Mencionó 19 de septiembre de 1985 ocurrió uno de los terremotos más devastadores en la historia de México, que provocó miles de víctimas en las regiones centro y sur del país, lo que motivó desde entonces a trabajar en la prevención y el fomento de la cultura de protección civil.

En tos terremotos, según datos oficiales, 3 mil 200 personas murieron tan solo en la Ciudad de México, pero fueron muchos más, según testigos de ese evento; sin duda se trató del fenómeno natural más devastador del que se tenga memoria en el país en los últimos años.

Han pasado tres décadas y media, y la herida sigue abierta, sin embargo, estos acontecimientos sentaron las bases del Sistema Nacional de Protección Civil, mecanismo institucional que opera desde 6 de mayo 1986.

La mañana del jueves 19 de septiembre de 1985, aproximadamente cuatro minutos fueron suficientes para derribar unidades habitacionales, hospitales, escuelas, talleres, empresas, hoteles, televisoras, colapsar servicios públicos, telecomunicaciones, pero sobre todo para evidenciar una nula cultura de prevención y una pésima capacidad de respuesta a desastres naturales por parte de las autoridades de los tres niveles de gobierno, lo que derivó en un gran número de personas muertas, así como miles de heridos, desaparecidos y damnificados.

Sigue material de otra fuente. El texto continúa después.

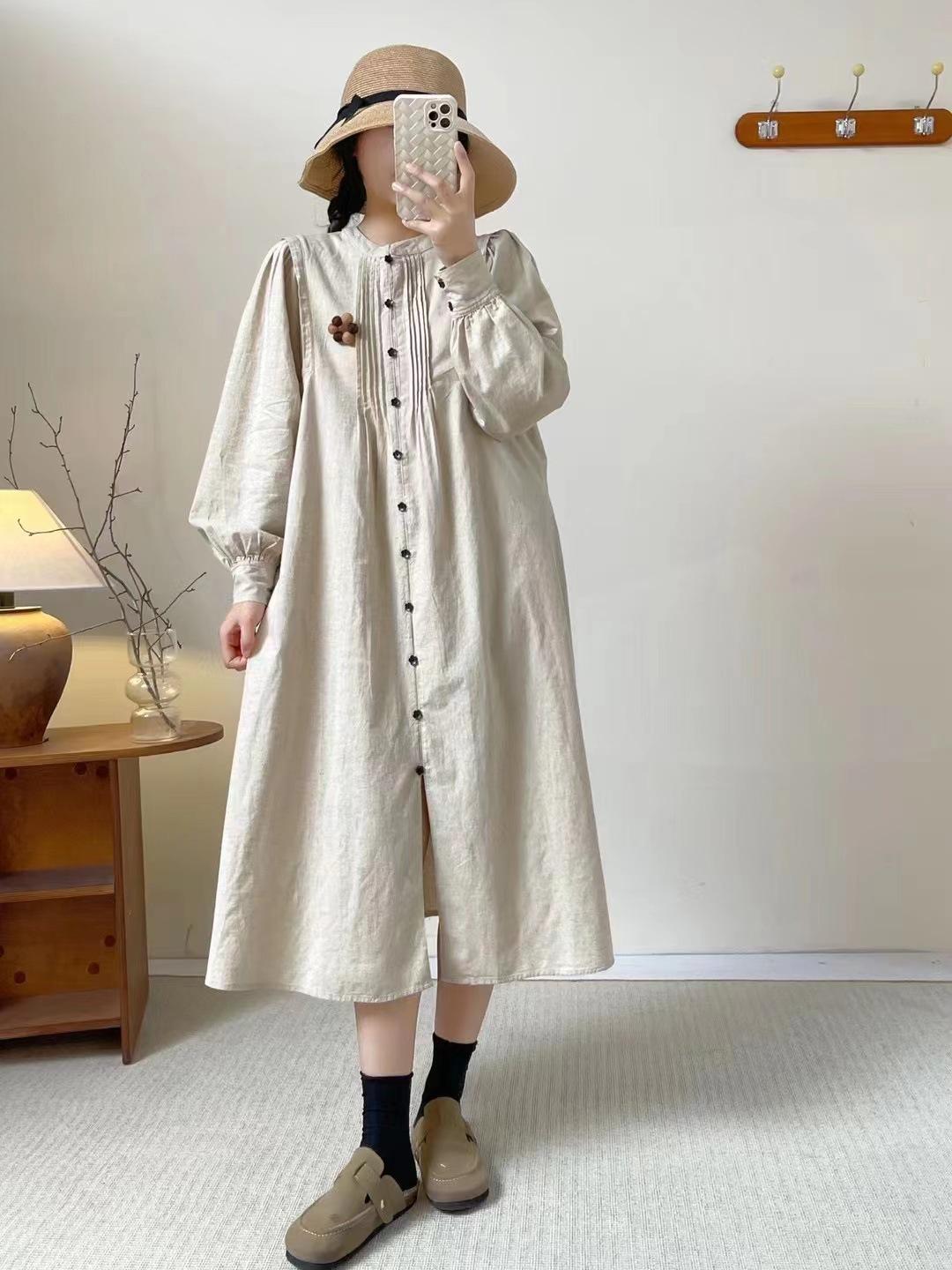 

Johnature Платье-гармошка в складку в стиле ретро, литературный лес, весеннее японское свободное платье с брошью One Size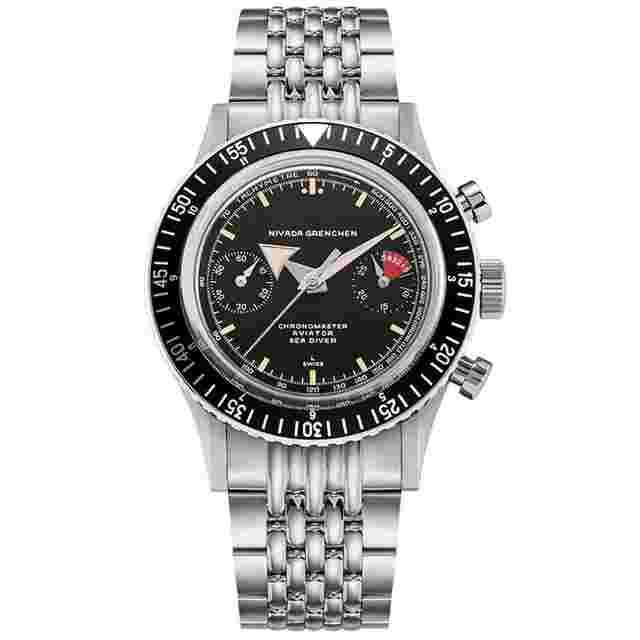 Nivada Grenchen Chronomaster Broad Arrow Interchangeable Bezel 86056M04LC Official Dealer Full set
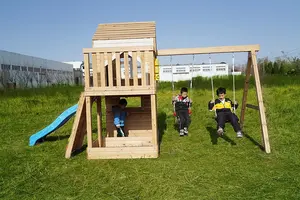 Juego de columpio tobogán de patio trasero de madera para niños equipo de patio de recreo al aire libre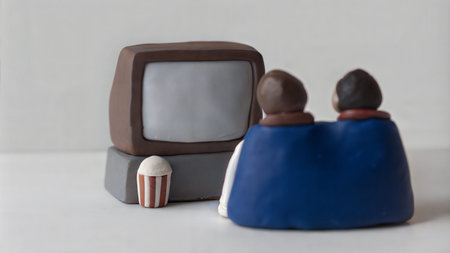 A warm and inviting scene of a Christmas movie night with popcorn, blankets, and a festive...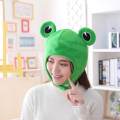 Cute Plush Frog Hat, Winter Scarf Cap, Ears Winter Ski Hat, Full Headgear Novelty Party Dress up Cosplay Costume, Green.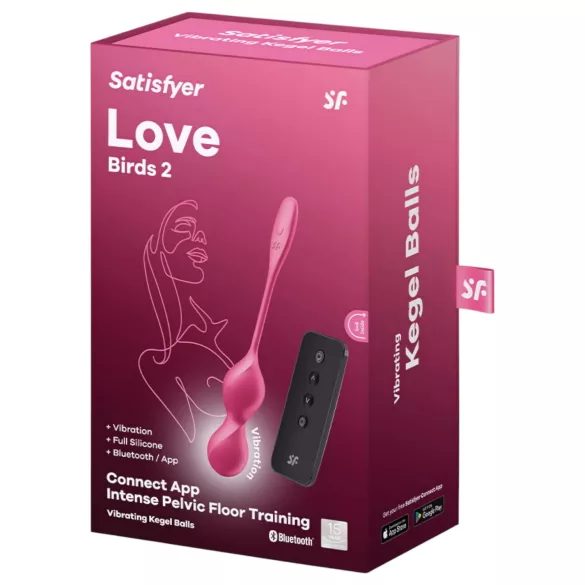 Satisfyer Love Birds 2 - kulki gejszy z wibracją sterowane aplikacją (różowe)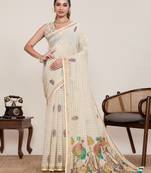 Beige linen saree printed designer border wedding wear saree with blouse elegant look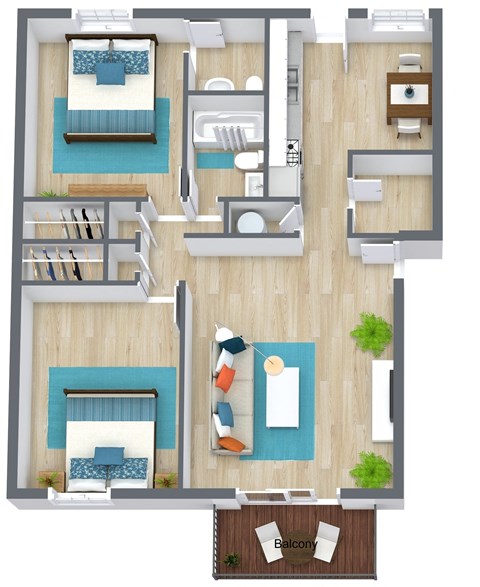 Brookside's two-bedroom floorplan with furniture.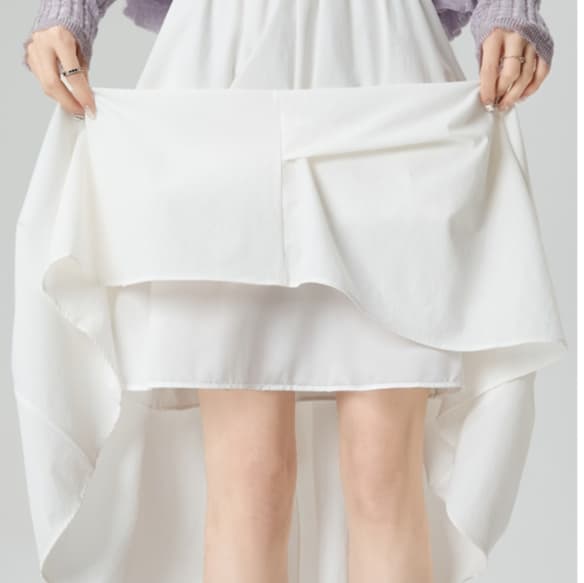 白スカート 優美なプリーツロングスカート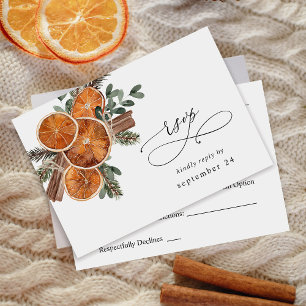 Oranges Rustic Holiday w Meal RSVP 2 Card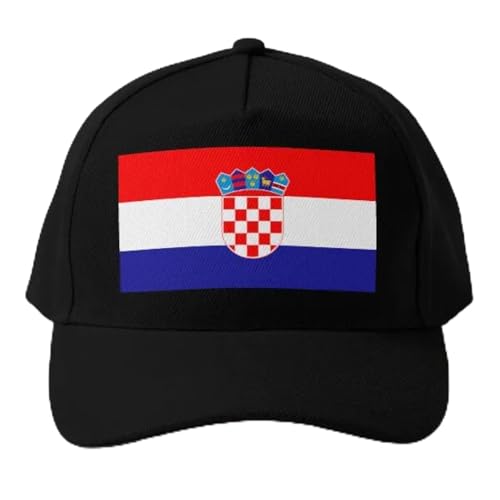 Baseballmütze Flagge von Kroatien Baseballmütze Outdoor Jungen Sport Snapback Sonne Herren Damen Bedruckte Kappe lässig einfarbig schwarz Frühling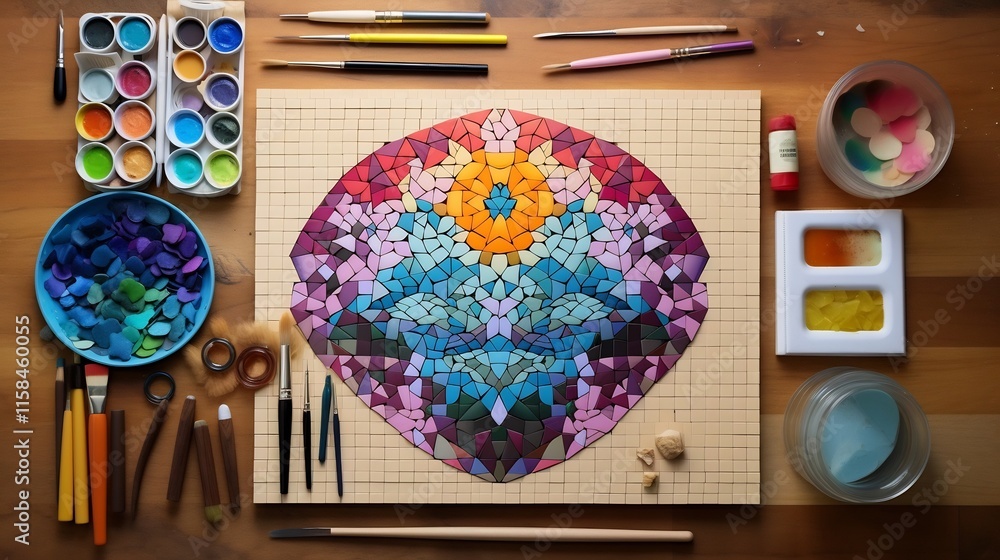Aufkleber vibrant and colorful diy mosaic art kit containing tiles glue and tools to craft intricate patterns 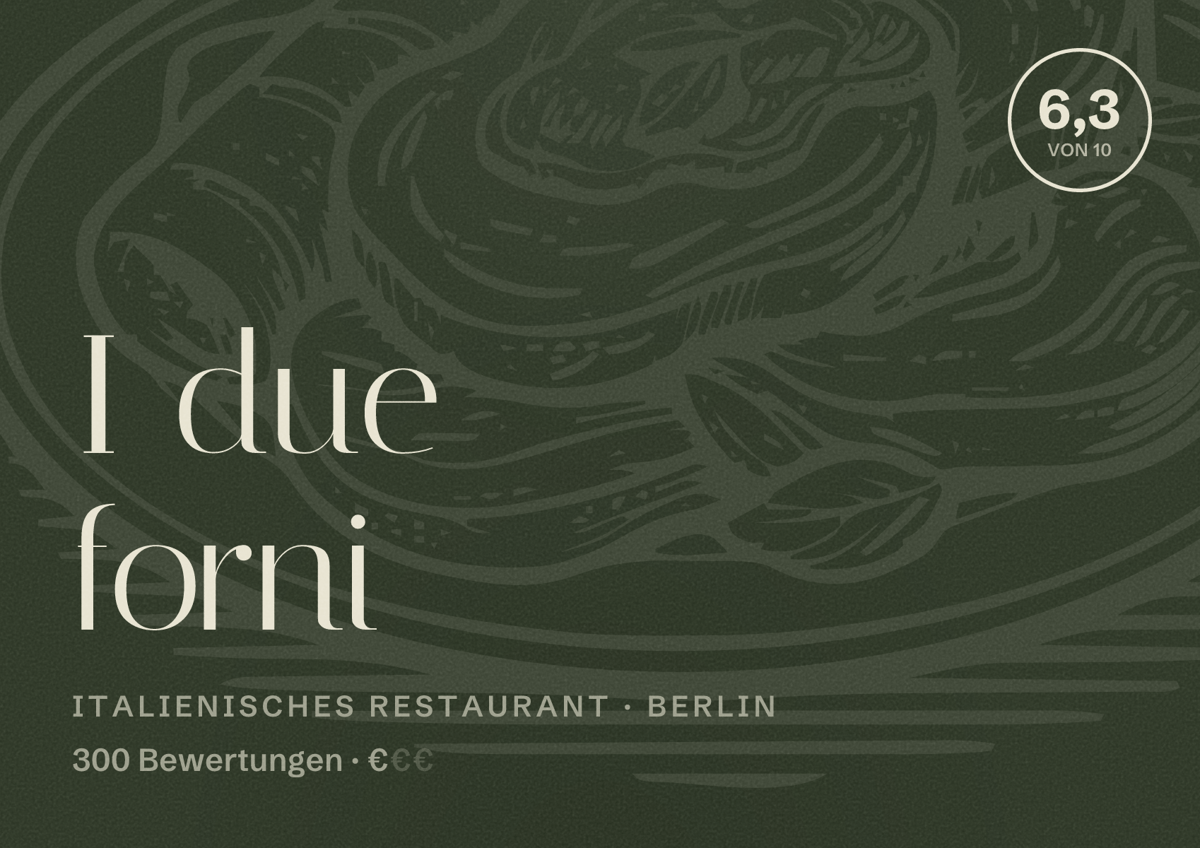 Illustriertes Poster von I due forni, Italienisches Restaurant in Berlin: Bewertung 6,3 von 10 aus 300 Bewertungen, Preisniveau €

Ante la incapacidad de las autoridades federales, fue la sociedad quien tomó el mando en las tareas de rescate, remoción de escombro, atención de heridos; cuadrillas de ciudadanos trabajaron sin descanso en la búsqueda de sobrevivientes en espera de que el gobierno federal saliera de su letargo y tomara la iniciativa en las tareas de auxilio a la población.

Tan solo 36 horas después del primer terremoto se registra una réplica de 7.6 grados Richter provocando más daños en edificios y estructuras afectadas un día antes, lo que significó un duro golpe para la ciudad, pero también en el ánimo de la sociedad que se encontraba en el desamparo.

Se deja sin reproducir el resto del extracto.